◆ Description of the task ◆
The answer must be an exact copy of the lines from the one with "Hi-Line Gift Ltd Wooden White Cart Planter" through the final line of the records below, with no pictures.

◆ Provided information ◆
[Start of section]
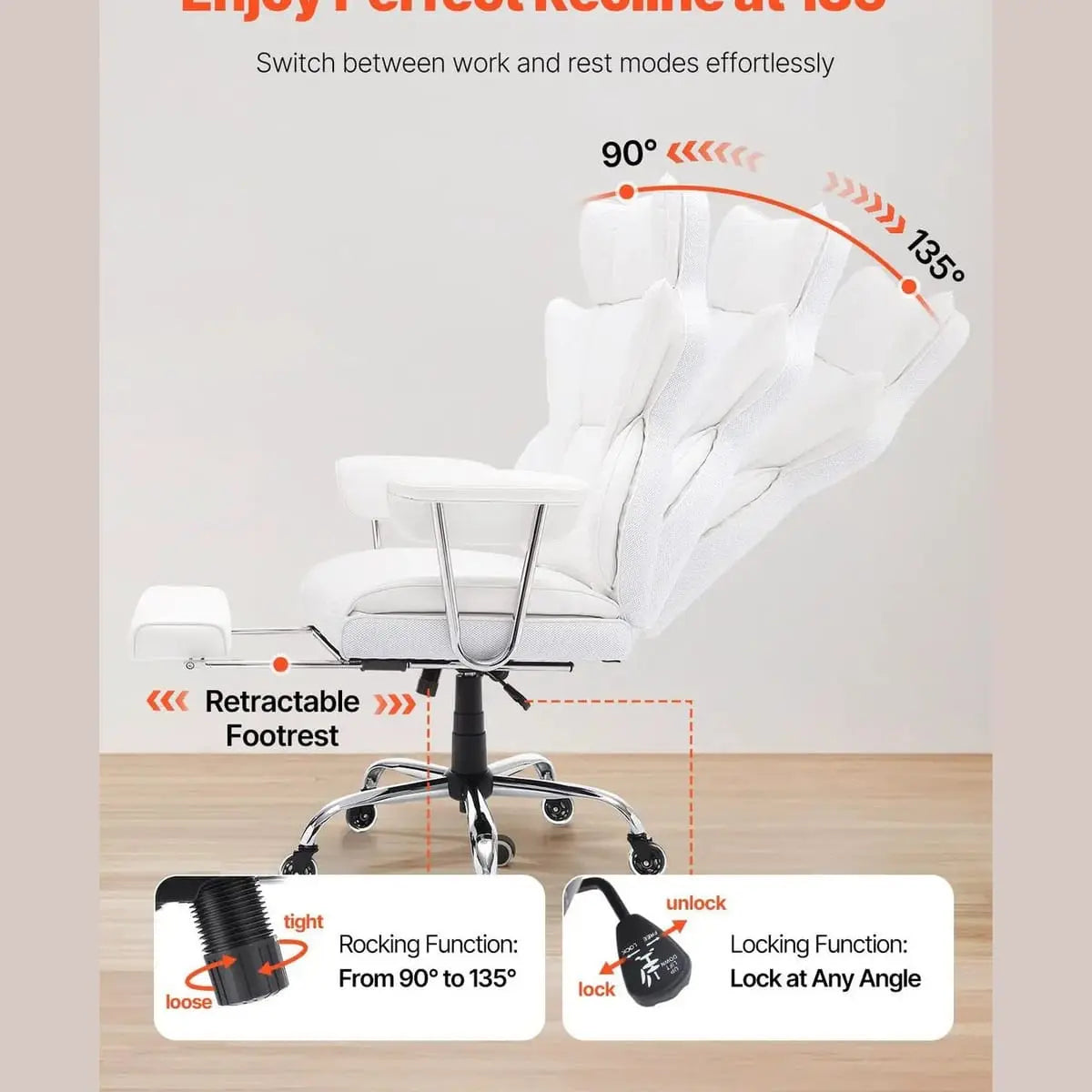 Platinum-Level Office Chairs ergonomic reclining office chair with footrest and lumbar support, ideal for comfortable workspace seating.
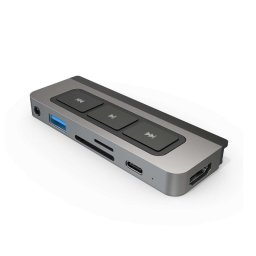 Hub USB-C Hyper HD449 Gris SD/MicroSD HDMI USB 3.2 Type-A 60Hz 60W 98mm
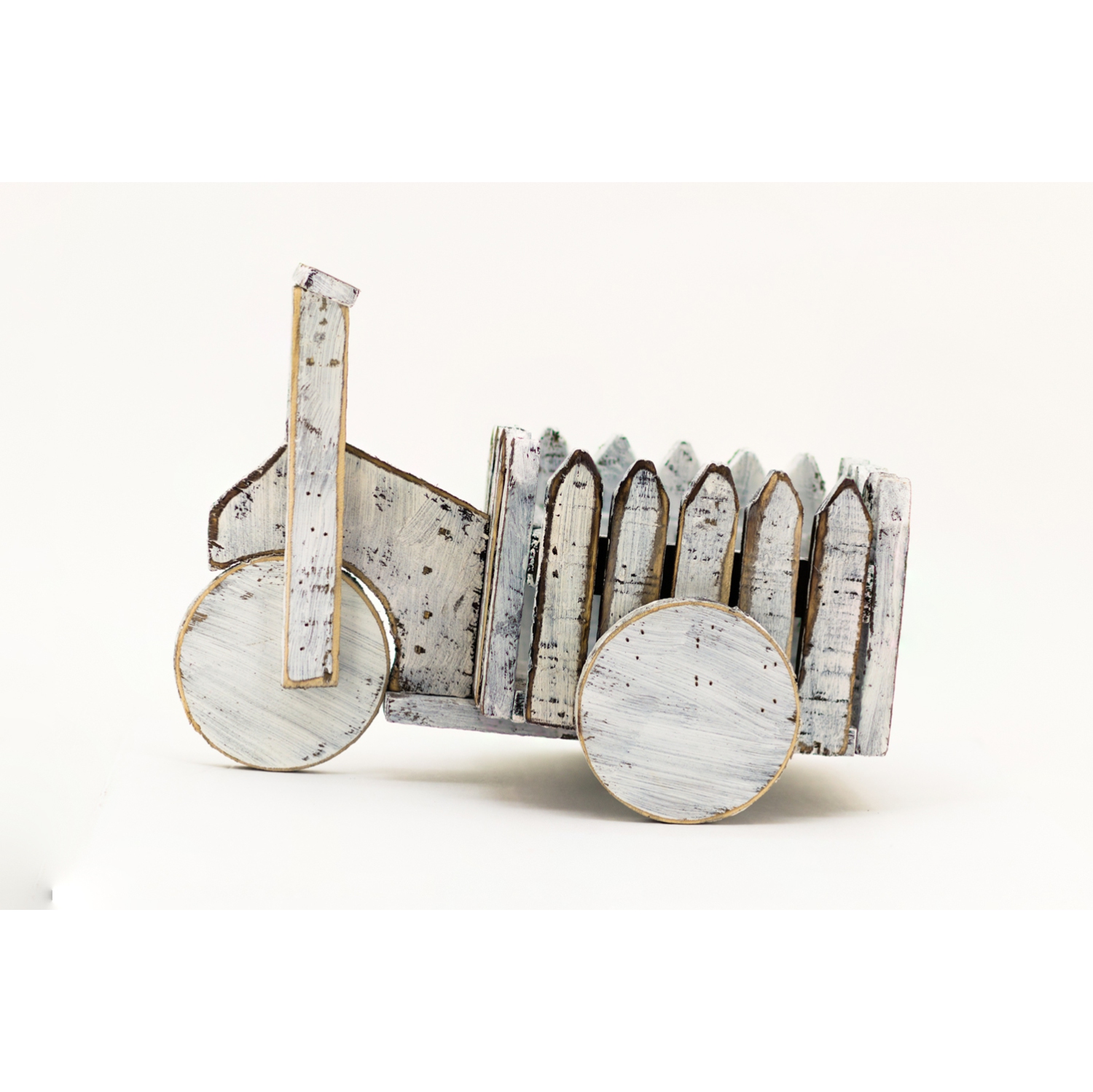 Hi-Line Gift Ltd Wooden White Cart Planter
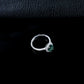 S925 Silver Oval Emerald Open Ring, Classic Halo Design - Photo 3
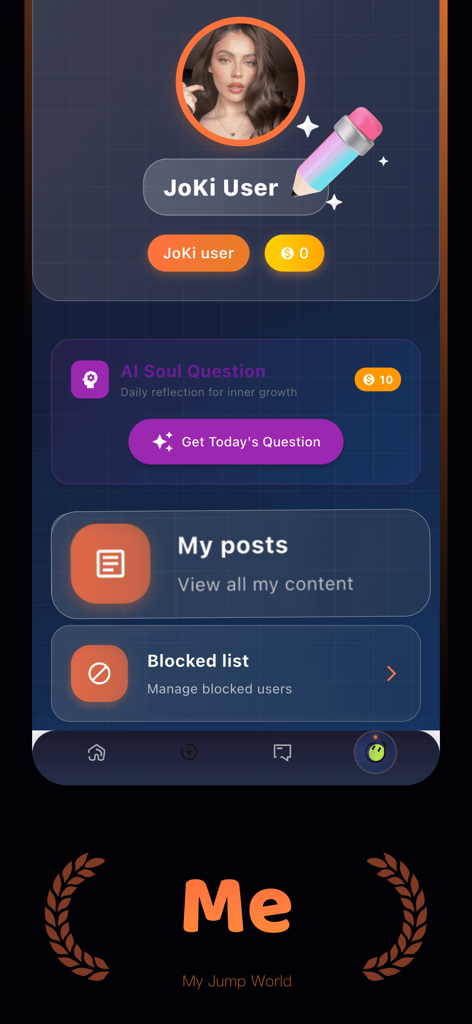 JoKi - Pantalla de perfil de usuario de la aplicación de comunidad de saltar la cuerda JoKi que muestra la configuración de la cuenta y las publicaciones.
[End of section]
◆ Expected output ◆
 Hi-Line Gift Ltd Wooden White Cart Planter
 S925 Silver Oval Emerald Open Ring, Classic Halo Design - Photo 3
 JoKi - Pantalla de perfil de usuario de la aplicación de comunidad de saltar la cuerda JoKi que muestra la configuración de la cuenta y las publicaciones.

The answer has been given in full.